Esta eu recebi por e-mail, de um site francês chamado Épices Rabelais. Eles fabricam um mix de especiarias que nós não temos aqui. Aliás, eles não falam o que vai no tal mix, só que são especiarias "exóticas" da Índia e África. Desse modo, traduzi a receita e omiti as especiarias, mas acho que isso não vai alterar a gostosura da torta. Você pode colocar as que sejam do seu gosto, como cominho, noz-moscada, pimenta-da-jamaica, canela, etc.

Não fiz nem provei a receita, mas achei a idéia tão interessante que resolvi postá-la. Além disso, tem aquele saborzinho agridoce maravilhoso que eu adoro. Está na minha lista de receitas "fazíveis", com certeza, mas se alguém provar antes, me conta depois!


TORTA INVERTIDA DE CEBOLAS À MODA PROVENÇAL

Massa
250 g de farinha de trigo
125 g de manteiga
1 ovo
Sal
30 ml de água

Recheio
8 cebolas pequenas
2 colheres (café) de mel
45 g de açúcar mascavo
50 ml de vinagre branco
40 g de manteiga
ervas frescas bem picadinhas: 4 ramos de tomilho, 4 ramos de orégano, 6 folhas de alecrim, 4 folhas de sálvia
sal e pimenta-do-reino
manteiga para refogar

Para a massa, misture tudo muito bem, formando uma massa lisa e homogênea. Deixe repousar por 30 minutos na geladeira.

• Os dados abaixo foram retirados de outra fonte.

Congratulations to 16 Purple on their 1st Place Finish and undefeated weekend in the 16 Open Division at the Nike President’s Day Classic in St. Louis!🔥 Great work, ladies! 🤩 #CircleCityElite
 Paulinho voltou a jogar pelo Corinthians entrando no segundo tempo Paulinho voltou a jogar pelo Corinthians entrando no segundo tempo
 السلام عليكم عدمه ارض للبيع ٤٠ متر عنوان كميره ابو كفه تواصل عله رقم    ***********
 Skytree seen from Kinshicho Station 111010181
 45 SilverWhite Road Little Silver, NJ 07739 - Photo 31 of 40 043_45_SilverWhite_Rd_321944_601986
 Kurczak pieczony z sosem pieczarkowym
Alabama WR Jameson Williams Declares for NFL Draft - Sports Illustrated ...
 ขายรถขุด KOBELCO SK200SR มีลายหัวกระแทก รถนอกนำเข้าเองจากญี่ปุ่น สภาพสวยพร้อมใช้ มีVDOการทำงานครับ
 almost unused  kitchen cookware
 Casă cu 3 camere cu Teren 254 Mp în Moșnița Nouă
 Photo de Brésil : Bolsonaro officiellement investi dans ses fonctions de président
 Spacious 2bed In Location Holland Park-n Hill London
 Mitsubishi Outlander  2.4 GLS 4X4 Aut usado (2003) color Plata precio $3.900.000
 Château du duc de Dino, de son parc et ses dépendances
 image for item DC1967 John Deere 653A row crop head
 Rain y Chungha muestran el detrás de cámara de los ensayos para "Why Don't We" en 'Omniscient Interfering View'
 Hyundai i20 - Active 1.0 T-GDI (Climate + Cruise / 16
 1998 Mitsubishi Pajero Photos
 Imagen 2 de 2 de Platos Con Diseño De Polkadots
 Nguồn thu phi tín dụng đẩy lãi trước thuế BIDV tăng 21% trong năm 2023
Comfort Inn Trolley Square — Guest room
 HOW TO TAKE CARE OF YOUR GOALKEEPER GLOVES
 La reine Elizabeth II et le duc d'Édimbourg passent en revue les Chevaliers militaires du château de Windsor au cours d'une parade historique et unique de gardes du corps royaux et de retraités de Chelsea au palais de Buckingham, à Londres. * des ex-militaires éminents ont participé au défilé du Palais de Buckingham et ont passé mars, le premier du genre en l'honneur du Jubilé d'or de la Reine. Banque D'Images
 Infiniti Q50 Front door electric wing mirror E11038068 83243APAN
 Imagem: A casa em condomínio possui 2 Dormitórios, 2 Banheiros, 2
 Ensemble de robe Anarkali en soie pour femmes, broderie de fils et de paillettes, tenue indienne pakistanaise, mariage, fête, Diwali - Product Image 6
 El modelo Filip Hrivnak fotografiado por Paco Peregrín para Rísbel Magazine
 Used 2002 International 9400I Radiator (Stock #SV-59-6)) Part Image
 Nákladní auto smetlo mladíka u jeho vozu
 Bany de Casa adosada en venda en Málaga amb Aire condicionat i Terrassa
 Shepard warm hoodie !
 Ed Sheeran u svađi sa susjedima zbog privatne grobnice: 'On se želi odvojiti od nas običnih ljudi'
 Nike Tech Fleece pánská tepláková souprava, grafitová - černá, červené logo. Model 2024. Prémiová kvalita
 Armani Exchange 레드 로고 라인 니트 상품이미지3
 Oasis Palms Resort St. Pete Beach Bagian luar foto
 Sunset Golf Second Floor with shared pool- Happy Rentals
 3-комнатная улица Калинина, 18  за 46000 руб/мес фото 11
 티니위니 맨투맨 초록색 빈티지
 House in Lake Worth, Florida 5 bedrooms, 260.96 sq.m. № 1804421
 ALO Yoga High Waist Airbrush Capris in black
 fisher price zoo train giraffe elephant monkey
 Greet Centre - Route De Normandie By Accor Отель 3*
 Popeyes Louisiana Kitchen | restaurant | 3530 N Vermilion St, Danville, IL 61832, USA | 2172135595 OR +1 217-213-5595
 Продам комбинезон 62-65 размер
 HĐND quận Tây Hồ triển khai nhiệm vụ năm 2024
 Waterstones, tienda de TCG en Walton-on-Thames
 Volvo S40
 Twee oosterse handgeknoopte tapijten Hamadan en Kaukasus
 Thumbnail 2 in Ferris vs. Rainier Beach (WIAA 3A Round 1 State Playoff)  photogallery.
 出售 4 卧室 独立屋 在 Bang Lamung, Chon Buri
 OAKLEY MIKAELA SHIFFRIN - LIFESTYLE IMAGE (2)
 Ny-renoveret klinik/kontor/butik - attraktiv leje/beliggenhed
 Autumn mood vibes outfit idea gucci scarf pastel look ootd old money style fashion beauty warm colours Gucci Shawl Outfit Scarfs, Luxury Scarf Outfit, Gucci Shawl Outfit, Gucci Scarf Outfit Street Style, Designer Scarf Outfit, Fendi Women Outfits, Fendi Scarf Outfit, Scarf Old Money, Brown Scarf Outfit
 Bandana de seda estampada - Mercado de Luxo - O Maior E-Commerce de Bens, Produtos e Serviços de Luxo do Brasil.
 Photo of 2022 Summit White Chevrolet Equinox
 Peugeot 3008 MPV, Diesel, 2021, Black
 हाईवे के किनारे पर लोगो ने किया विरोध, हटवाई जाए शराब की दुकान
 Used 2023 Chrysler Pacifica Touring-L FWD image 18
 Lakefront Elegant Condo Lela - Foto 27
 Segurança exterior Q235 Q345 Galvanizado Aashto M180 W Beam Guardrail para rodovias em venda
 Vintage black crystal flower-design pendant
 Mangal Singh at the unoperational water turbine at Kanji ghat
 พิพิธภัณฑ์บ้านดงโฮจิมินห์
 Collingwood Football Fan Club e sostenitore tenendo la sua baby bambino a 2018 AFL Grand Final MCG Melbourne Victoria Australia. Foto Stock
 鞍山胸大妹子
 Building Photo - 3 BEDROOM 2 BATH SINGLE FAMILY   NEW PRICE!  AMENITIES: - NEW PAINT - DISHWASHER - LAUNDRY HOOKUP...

Enquanto isso, numa frigideira, refogue as cebolas inteiras num pouco de manteiga, em fogo baixo, até que fiquem translúcidas. No fim do cozimento, junte um pouco do mel. Deixe caramelizar levemente.

Numa fôrma redonda (já a que vai ser usada para assar a torta), ponha o açúcar e leve ao fogo até ficar um caramelo. Desligue o fogo. Junte o vinagre (muita calma nessa hora, porque espirra e tá muuuito quente) e os 40g de manteiga, aos poucos (em pedacinhos), mexendo bem. Ajeite as cebolas no fundo da fôrma, por cima desse caramelo. Salgue, apimente, salpique um pouquinho de açúcar e ponha as ervas picadinhas. Regue com um fio de azeite. Espere amornar.

À parte, com a ajuda de um rolo, abra a massa, formando um círculo um pouco maior do que a fôrma. Cubra as cebolas com essa massa, dobre as rebarbas para dentro da fôrma e faça furinhos na massa com um garfo.

Asse por 45 minutos em fogo médio-baixo ou até que a massa esteja dourada. Desenforme e sirva.

Obs.: a torta invertida é assada com a massa em cima e, depois de desenformada, é servida com a massa embaixo.